Step 7: The service looks for a match first using the match using all coordinates string and, in this example, is unsuccessful. Continuing, the service finds a match using the match using verbatim coordinates string.

  • The results of the best georeference for this matching string are:

    • bels_decimallatitude: 53.065133
    • bels_decimallongitude: -9.366403
    • bels_geodeticdatum: epsg:4326
    • bels_coordinateuncertaintyinmeters: 100
  • The matching georeference did not contain data in the following fields, so they were left blank:

    • bels_georeferencedby:
    • bels_georeferenceddate:
    • bels_georeferenceprotocol:
    • bels_georeferencesources:
  • The matching georeference contained data in georeferenceRemarks and that data was returned:

    • bels_georeferenceremarks: Data has been captured using a grid reference system. Provided location represents cell’s center point and uncertainty represents cell’s size
  • The matching georeference was given a score of “1” because it contained georeferencingRemarks. See the BELS GitHub repository for a full scoring system (https://github.com/VertNet/bels):

    • bels_georeference_score: 1
  • The source of the georeference was a snapshot of data aggregated via GBIF:

    • bels_georeference_source: GBIF
  • The number of matching georeferences was “1”.

    • bels_best_of_n_georeferences: 1
  • The string for which a match was found is given in the bels_match_type:

    • bels_match_type: match using verbatim coords

Georeference Matcher API

The BELS Georeference Matcher Application Programming Interface (root URL at https://localityservice.uc.r.appspot.com/api/) provides the service to find existing georeferences from the gazetteer aggregated from data shared via GBIF and iDigBio, plus the best-pratice georeferences produced in the large-scale collaborative georeference projects that were precursors to VertNet (MaNIS, HerpNET, and ORNIS). The API currently has one endpoint:

https://localityservice.uc.r.appspot.com/api/bestgeoref

which accepts POST requests formatted in JavaScript Object Notation (JSON). The basic structure required in the best georeference request is:

{'give_me':'best_georef', 'for_location': {} }

where the for_location must be filled with key:value pairs for the input fields to be used to find a match. The characteristics and treatment of input fields is the same as described in the Web App sections Field Names and Field Name Modifications, above. Following is an example JSON request:

'{"give_me": "BEST_GEOREF", "for_location": {"ID":"1", "continent":"Europe", "country": "United Kingdom", "countrycode":"UK", "stateprovince":"England", "county":"Kent County", "locality":"Barnworth"}}'

One can test the API from a command line interface using curl, as follows:

curl -X POST -H "Content-Type: application/json" -d '{"give_me": "BEST_GEOREF", "for_location": {"ID":"1",  "continent":"Europe","country": "United Kingdom", "countrycode":"UK", "stateprovince":"England", "county":"Kent County", "locality":"Barnworth"}}' https://localityservice.uc.r.appspot.com/api/bestgeoref

Georeference Matcher API Output

The BELS Georeference Matcher API returns results as JSON. A successful match will return a response with status "success" and the result of the matching process, which will include all of the fields in the "for_location" part of the request, plus fields added by the service (see the section Georeference Matcher Field Descriptions).

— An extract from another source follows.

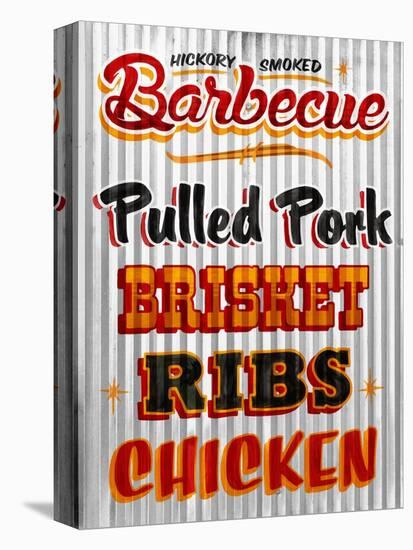 Barbeque Hickory Smoked Corregate Metal-Retroplanet-Premier Image Canvas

The result for the example request in the previous section, as of the writing of this manual, should be expected similar to the following:

{"Message": {"status": "success", "elapsed_time": "0.716s", "result": {"ID": "1", "continent": "Europe", "country": "United Kingdom", "countrycode": "UK", "stateprovince": "England", "county": "Kent County", "locality": "Barnworth", "bels_countrycode": "GB", "bels_match_string": "gbenglandkentcountybarnworth", "bels_decimallatitude": 51.179279, "bels_decimallongitude": 0.630518, "bels_geodeticdatum": "epsg:4326", "bels_coordinateuncertaintyinmeters": 21832, "bels_georeferencedby": null, "bels_georeferenceddate": "2019", "bels_georeferenceprotocol": "digital resource", "bels_georeferencesources": "GEOLocate", "bels_georeferenceremarks": "COGE georeferencing summer 2020: hforbes 7/9/2020 8:57:52 PM,", "bels_georeference_score": 29, "bels_georeference_source": "iDigBio", "bels_best_of_n_georeferences": 1, "bels_match_type": "match sans coords"}}}

During processing (see the section BELS Georeference Matching Process, above), the country code "GB" was determined by looking up the value "UK" in the countrycode field in the input. You can see this choice reflected in the value of the output field bels_countrycode. The Georeference Matcher used that country code and constructed several strings by which to try to find a match. The string used to find the best successful match was "gbenglandkentcountybarnworth" as you can see in the bels_match_string field in the response. That string was constructed using the rules for "match sans coords", as can be seen in the value of the bels_match_type. The coordinates, datum and uncertainty were all derived from a georeference in the gazetteer aggregated out of iDigBio and having been originally generated in 2020 through the GEOLocate online collaborative georeferencing platform COGE. The original georeference was the only one used to generate the georeference returned in this response, as can be ascertained from the value "1" for the field bels_best_of_n_georeferences.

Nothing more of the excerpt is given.